In July, members were updated on the council’s smart-cities initiative and, last month, debated and approved the draft casual-trading bye-laws.
But Reilly is frustrated with the committee’s lack of direct action. At last month’s meeting she suggested drawing up a work plan for the committee moving forward.
She sits on the council’s finance committee, and it’s done this, she says. “That needs to happen with the economic SPC,” says Reilly. “You don’t feel involved in it. You kind of lose interest in it.”
For Fianna Fáil’s McAuliffe, the issue is that economic and enterprise development aren’t hot topics at council. “How many votes are there in economic and enterprise development?”

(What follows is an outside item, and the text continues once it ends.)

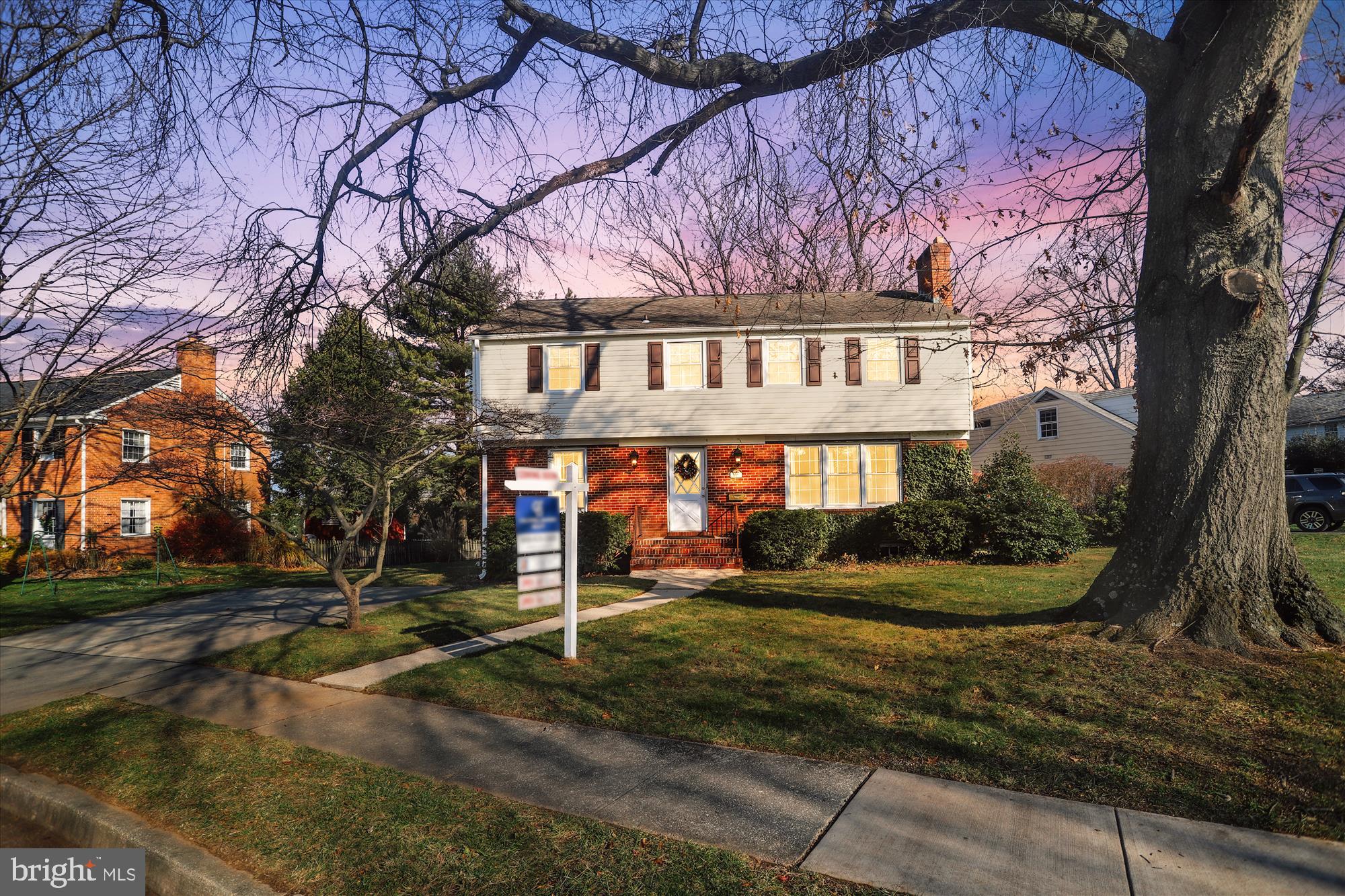818 Stoneleigh Road Baltimore, MD 21212 - Photo 2 of 35 Attractive corner lot with mature trees for shade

Not like housing. “We had to increase the size of the Housing SPC because of the demand,” says McAuliffe. “We haven’t had that same appetite amongst councillors.”
Lack of Local Power
The economic committee is a statutory SPC, so the council had no choice but to set it up, says Martin Harte, CEO of Temple Bar Company, who sits on the economic committee.
Harte says that, while other council committees tend to get political, the economic one is more strategic. It has worked hard to establish itself since 2014, he says.

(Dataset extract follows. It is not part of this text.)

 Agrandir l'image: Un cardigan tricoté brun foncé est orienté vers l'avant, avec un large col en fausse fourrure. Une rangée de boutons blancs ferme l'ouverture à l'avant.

But the fact is, local government is simply not as strong as it could be, says Harte. “Local governments don’t have the powers that, say, I would like them to have,” he says. “They’re kind of hamstrung by current government legislation.”
While the LEO updates are worthy, says Harte, as long as Dublin is hindered in its powers, the economic committee can only be so effective.

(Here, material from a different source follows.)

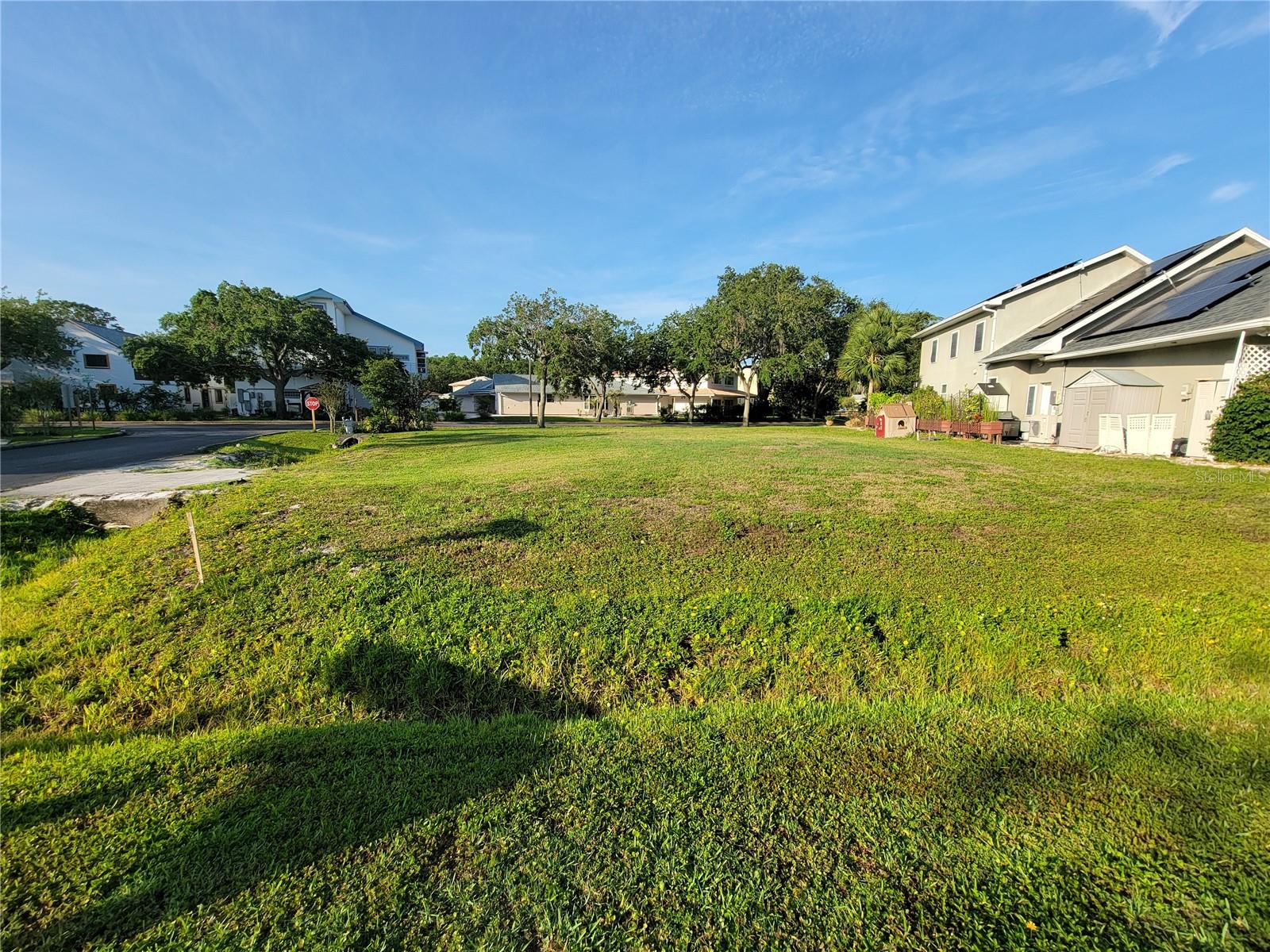 PARADISE LAKES INDIVIDUAL - Land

Put the case that Dublin should have control over its economy and you’re met with push-back from central government, says Harte.
“It’s not in the interest of national government to liberate or have a strong local government,” says Harte.
“Imagine if we had an independent mayor and control over our own economic destiny. We’d have more voters, more money and more power than Leo Varadkar,” he says.
A Different Approach
For the economic committee to operate more effectively Sinn Féin’s Reilly wants councillors to be more involved, and she wants a structured work plan put in place.
The committee hasn’t passed any motions this year, and that is a problem, says Reilly.
It has approved the amended casual trading bye-laws, pending a few changes, which will come before the full council.
But “councillors should be bringing forward proposals,” she says. “We need to see something at the end of five years, that we have made a mark. I don’t think we have so far.”
Although much of the council’s work is the concern of other committees, says Reilly, by bringing motions forward it would show a willingness to at least engage with the issues that come before the committee.
Even if they have no say over these issues, it might provide more cross-council collaboration on issues affecting Dubliners.
For instance, Reilly says she requested a report at the last finance committee meeting into vacant homes, and received it. The economic committee could do things like that too, she argues.
Councillors also need to be more involved with the local-enterprise end of things, she argues, rather than just receiving updates at the end of each meeting.
“Dublin is the engine of the state,” she says. “So it is important that we have it. But we’re getting reports and we’re nodding and we’re saying, ‘We agree with this. We agree with that.'”
Another thing the economic committee could do is to establish an active land-management strategy for Dublin, which would fall within the committee’s remit, says McAuliffe.
This would involve examining the city’s vacant or derelict land, and sites with complex legal issues, and engaging actively with these sites’ owners to try bring these sites back into use.
It may take some time for the committee to find its way. Economic and enterprise development are issues that the council has only recently started grappling with. “We’re only three years into this,” McAuliffe says.